Rex Stout war born in Noblesville, Indiana, as the son of John Wallace Stout and Lucetta Elizabeth Todhunter, who were Quakers. He was educated at Topeka High School, Kansas and at University of Kansas, Lawrence. From 1906 to 1908 he served in the United States Navy as a Yeoman on President Theodore Roosevelt's yacht. He worked as an office boy, store clerk, bookkeeper, and hotel manager (1916-1927). Stout invented the banking system for school children that was installed in 400 cities throughout the USA. In 1916 he married Fay Kennedy of Topeka, Kansas. They separated in 1933 and Stout married in 1933 Pola Hoffman of Vienna.
Stout's first stories appeared in the 1910s among others in All-Story Magazine.
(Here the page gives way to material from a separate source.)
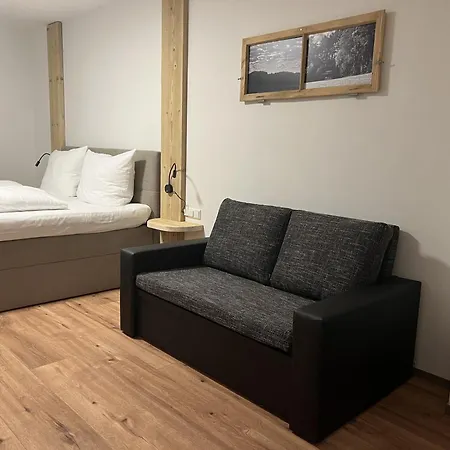 Hotel Engel Buch *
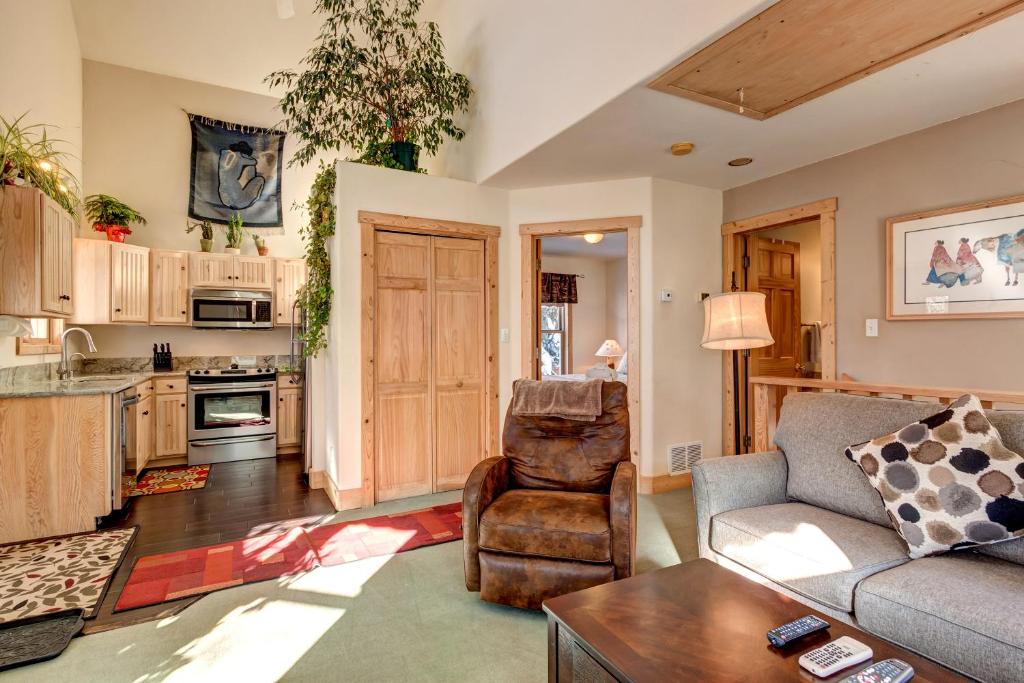 Harris House - image 4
He went to sell articles and stories to a variety of magazines. In 1927 he became a full-time writer. Stout lost his money had made as a businessman in 1929. After publishing four moderately successful novels, among them HOW LIKE A GOD (1929), an unusual psychological novel written in the second person, Stout turned to the form of detective story. His great achievement was Nero Wolfe, the 286-pound detective, who was introduced in the novel FER-DER-LANCE (1934), which appeared first as a serial in the Saturday Evening Post. It was followed by THE LEAGUE OF FRIGHTENED MEN (1935), which was adapted into screen in 1937. Wolfe's daily beer consumption is a marvel, he has yellow silk pyjamas, and he loves orchids. Goodwin's primary function is prodding his immense employer into motion.
The phenomenally fat private eye gained wide popularity from the start. Stout wrote prolifically one Nero Wolfe adventure in a year - from the 1940s some times several - until the end of his life. During the course of his career Stout mastered a variety of literary forms, including the short story, the novel, and science fiction, among them a pioneering political thriller, THE PRESIDENT VANISHES (1934), in which the disappearance of the US President causes a near-future crisis. In an earlier work, UNDER THE ANDES (1914, All-Story Magazine), Stout described an underground lost world of dwarf Incas.
During the WW II Stout cut back on his detective writing, joined the Fight for Freedom organization, and wrote propaganda. He hosted three weekly radio shows, and coordinated volunteer services of American writers to help the war effort. After the war Stout returned to his Nero Wolfe novels, and took up the role of gentleman farmer on his estate at High Meadows in Brewster, North of New York City. He served as President of the Authors Guild and of the Mystery Writers of America. In 1959 he received Grand Master Award from the latter organization.
Stout was active in liberal causes, and ignored a subpoena from the House Un-American Activities Committee at the height of the McCarthy era. In later years he alienated many liberal friends by his hawkish stance on Vietnam - his contempt for communism was denounced frequently in his works. Stout died on October 27, 1975. - The writer Robert Goldsborough has continued Nero Wolfe' adventures from the late 1980s.